Task - Below this line are records; transcribe exactly the lines between the one holding "Intex Kiddie Pool" and the one holding "Original Cincinnati Bengals", inclusive, and omit the pictures.

Information -
══════

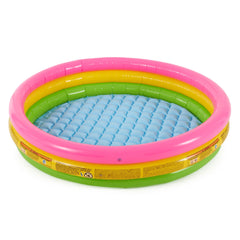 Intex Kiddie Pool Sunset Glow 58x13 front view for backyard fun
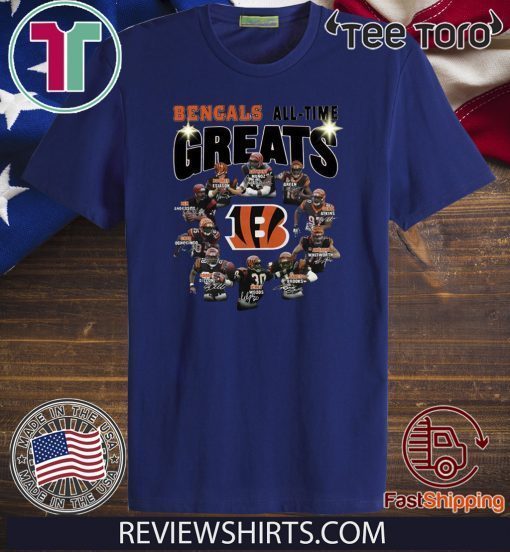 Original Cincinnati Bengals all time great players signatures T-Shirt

══════

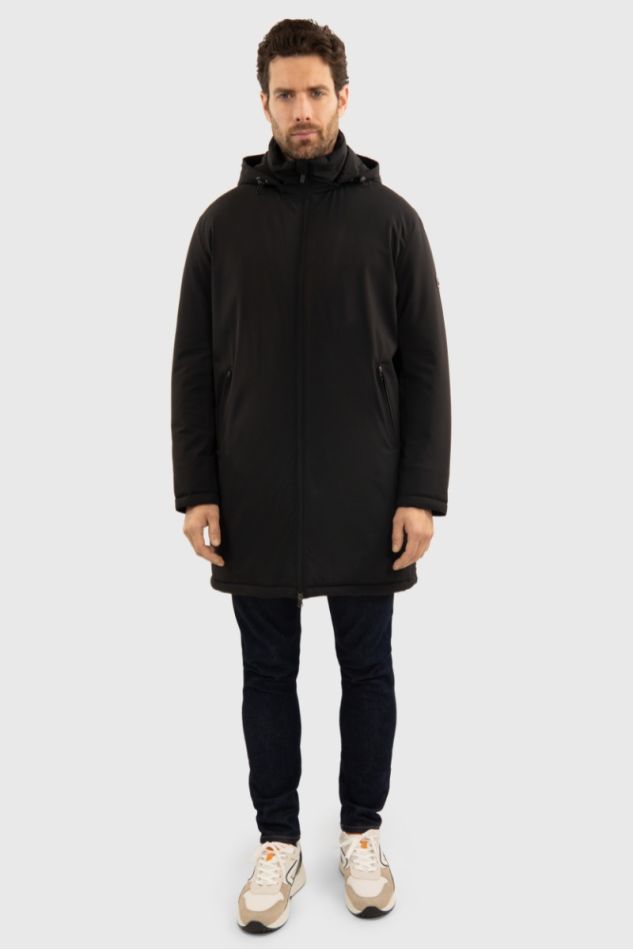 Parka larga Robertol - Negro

══════

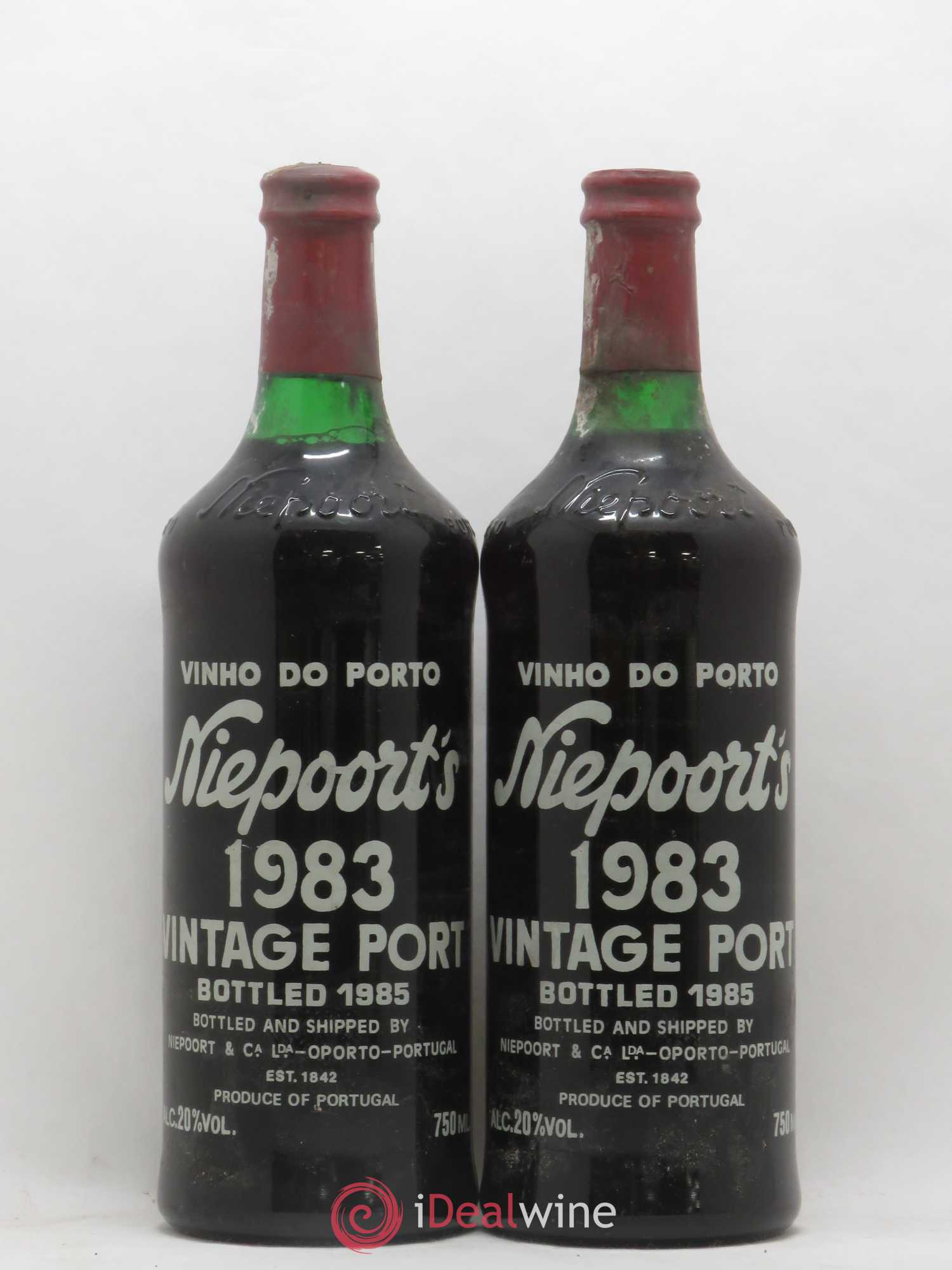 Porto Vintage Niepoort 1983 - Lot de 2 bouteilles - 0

══════

Problem solution -
 Intex Kiddie Pool Sunset Glow 58x13 front view for backyard fun
 Original Cincinnati Bengals all time great players signatures T-Shirt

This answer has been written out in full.